An oil-patch trade group reports the state of Texas added another 5,200 jobs to its oil-patch exploration and production payroll from March to April. That brings the total to 190,400 jobs. The Texas Independent Producers and Royalty Owners says the April figure marks an increase of more than 26-thousand positions its count a year earlier.
A federal judge has now blocked a huge drilling program approved by the Trump Administration in western Colorado. US District Judge Marcia Krieger said she vacated previous agency approvals based on the agencies' own admission they had failed to follow environmental law in considering the permits. Gunnison Energy has already drilled the first well. The project involves 35 wells on five pads across 30-thousand acres of US Forest Service land near Gunnison, Colorado.

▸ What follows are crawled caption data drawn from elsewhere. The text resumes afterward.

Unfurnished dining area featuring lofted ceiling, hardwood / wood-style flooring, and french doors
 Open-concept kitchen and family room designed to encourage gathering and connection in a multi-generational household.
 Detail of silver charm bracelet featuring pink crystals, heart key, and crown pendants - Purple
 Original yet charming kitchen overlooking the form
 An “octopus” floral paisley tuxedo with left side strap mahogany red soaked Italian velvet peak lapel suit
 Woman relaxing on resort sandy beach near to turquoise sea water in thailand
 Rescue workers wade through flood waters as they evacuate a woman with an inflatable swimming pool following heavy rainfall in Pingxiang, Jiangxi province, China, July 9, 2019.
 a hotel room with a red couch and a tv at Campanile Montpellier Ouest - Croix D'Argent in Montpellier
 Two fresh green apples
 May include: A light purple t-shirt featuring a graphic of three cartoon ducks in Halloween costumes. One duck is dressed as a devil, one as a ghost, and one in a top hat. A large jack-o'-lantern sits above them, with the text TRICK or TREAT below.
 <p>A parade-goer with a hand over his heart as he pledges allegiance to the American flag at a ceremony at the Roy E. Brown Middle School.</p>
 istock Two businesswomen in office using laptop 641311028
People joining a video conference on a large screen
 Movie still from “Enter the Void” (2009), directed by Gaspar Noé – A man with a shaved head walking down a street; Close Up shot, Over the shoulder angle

U.S. President Joe Biden has not ruled out using export restrictions to ease soaring domestic fuel prices. Energy Secretary Jennifer Granholm told reporters last week that, in her words, the president is not taking any tools off the table. Government tallies show the US exported around 8.6 million barrels per day of oil and refined products in 2021, slightly more than it imported.
Saudi Arabia’s oil exports in March reached their highest in at least six years, a billion dollars a day, up 123% over a year ago. Production in the kingdom rose to 10.3 million barrels a day in March, with Brent oil prices averaging $112 a barrel.
As Texas officials hunt for financial firms hostile to the energy industry, Wall Street is bowing to the pressure in order to continue doing business with the state. Bloomberg has acquired the replies of twenty firms that were sent demand letters from the State Comptroller. A bill approved last year denies state contracts to companies that restrict or prohibit doing business with energy companies. One small Dallas-based firm replied “Hell no.”